# entretien rétina



## DOuggy (15 Septembre 2012)

Bonjour,
Avec quoi comptez-vous nettoyer votre écran rétina? Le chiffon fourni avec est très petit...
Utiliserez-vous des produits? La dalle me semble très fragile, je n'ose pas utiliser les produits vendus pour des écrans TV.


----------



## Nyrvan (15 Septembre 2012)

mmm Mackeeper ? 

Ok je sors...

Plus sérieusement, j'utilise un simple nettoyant doux pour vitre que je dépose sur un "papier ménage" avant de nettoyer délicatement l'écran. Après un petit coup avec le chiffon Apple et c'est propre. J'ai toujours fait comme cela depuis que j'ai des portables sans avoir de problèmes.


----------



## eryllion (15 Septembre 2012)

Bonjour

J'utilise le chiffon fourni, ou l'un des chiffons que j'utilise sur mes lunettes.
Il arrive parfois qu'une petite tache ronde ne parte pas de suite, donc j'humidifie légèrement le bout du chiffon et elle s'en va. Je n'ai jamais eu besoin de forcer, toujours avec une main légère.

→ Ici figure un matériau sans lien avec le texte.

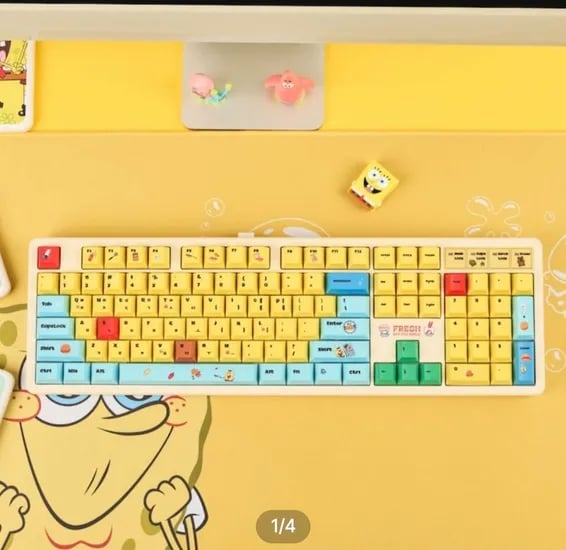 큐센 Q104 스폰지밥 에디션 PBT 풀윤활 가스켓 유무선 기계식 키보드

Je n'utilise pas de produit pour ma part. Je le fais souvent écran éteint pour bien voir le résultat.


----------



## DOuggy (15 Septembre 2012)

Voilà, c'est ça. Il y a de petites tâches qui partent moins facilement, qui semblent collées. Régulièrement. C'est pour celles là que je pense à un produit.
Quelqu'un sait en quelle matière est fait le revêtement de l'écran?


----------